Computers can prove everything about integers that we can. I don’t see a problem here.
If the human and the computer are using the same formal system, then sure. But how does a human arrive at the belief that some formal system, e.g. PA, is “really” talking about the integers, and some other system, e.g. PA+¬Con(PA), isn’t? Can we formalize the reasoning that leads us to such conclusions? Pointing out that PA can be embedded in some larger formal system, e.g. ZFC, doesn’t seem to be a good answer because that larger formal system will need to be justified in turn, leading to an infinite regress. And anyway humans don’t seem to be born with a belief in ZFC, so something else must be going on.
We form beliefs about mathematics the same way we form beliefs about everything else: heuristic-based learning algorithms. We typically accept things based on intuition and inductive inference until trained to rely on proof instead. There is nothing stopping a computer from forming mathematical beliefs based on statistical inference rather than logical inference.
Have a look at experimental mathematics or probabilistic number theory for some related material.
Saying “heuristic-based learning algorithms” doesn’t seem to compress probability mass very much. It feels like skipping over the mysterious part. How exactly do we write a program that would arrive at the axioms of PA by using statistics? I think if we did that, then the program probably wouldn’t stop at PA and would come up with many other interesting axioms, so it could be a useful breakthrough.
Yes, but the point is that we are learning features from empirical observations, not using some magic deduction system that our computers don’t have access to. That may only be one bit of information, but it’s a very important bit. This skips over the mysterious part in the exact same way that “electrical engineering” doesn’t answer “How does a CPU work?”—it tells you where to look to learn more.
I know far less about empirical mathematics than about logic. The only thing along these lines I’m familiar with is Douglas Lenat’s Automated Mathematician (which is only semi-automated). A quick search for “automated mathematician” on Google Scholar gives a lot of more recent work, including a 2002 book called “Automated theory formation in pure mathematics.”

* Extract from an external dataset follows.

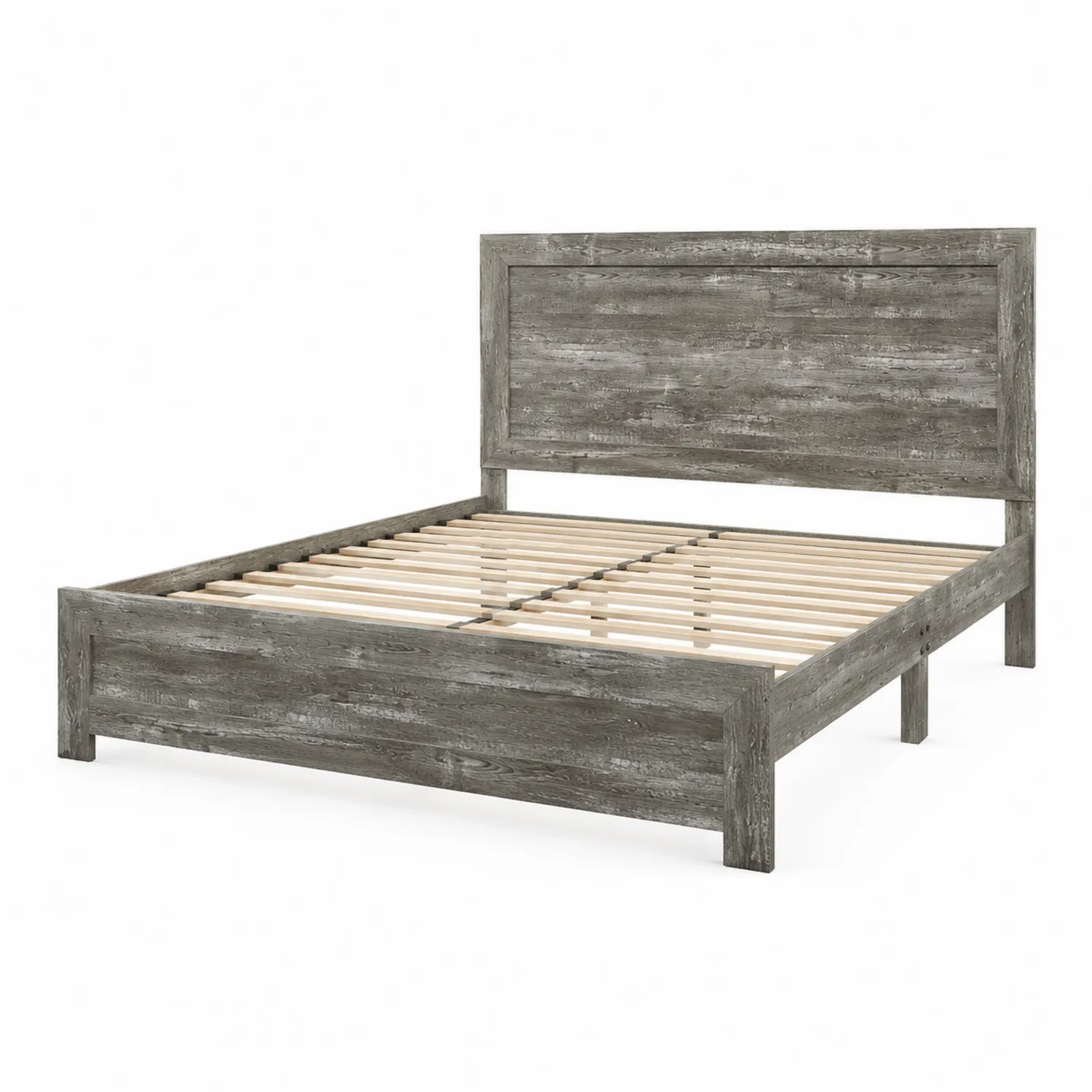 Lit double en bois effet chêne gris 200x160 cm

Well, human beings are abductive and computational reasoners anyway. I think our mental representation of the natural numbers is much closer to being the domain-theoretic definition of the natural numbers as the least fixed point of a finite set of constructors.

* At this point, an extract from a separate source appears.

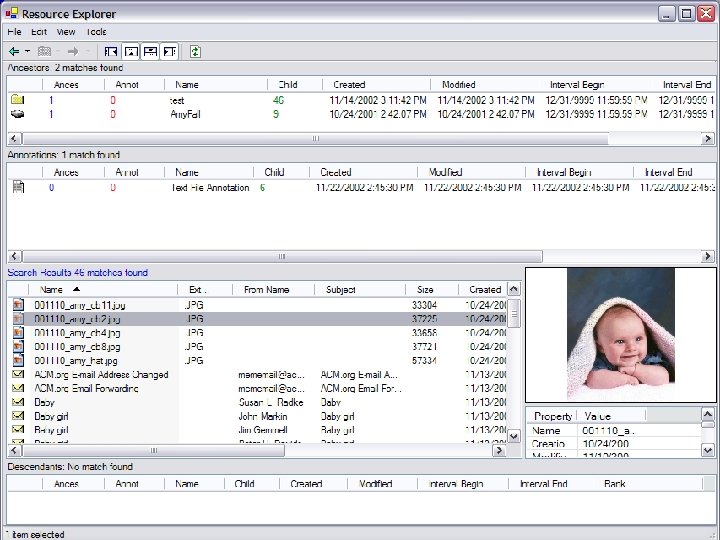 Resource explorer Ancestor (collections), annotations, descendant & preview panes turned on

Note how least fixed-points and abductive, computational reasoning fit together: a sensible complexity prior over computational models is going to assign the most probability mass to the simplest model, which is going to be the least-fixed-point model, which is the standard model (because nonstandard naturals will require additional bits of information to specify their constructors).
A similar procedure, but with a coinductive (greatest-fixed-point) definition that involves naturals as parameters to the data constructors, will give you the real numbers.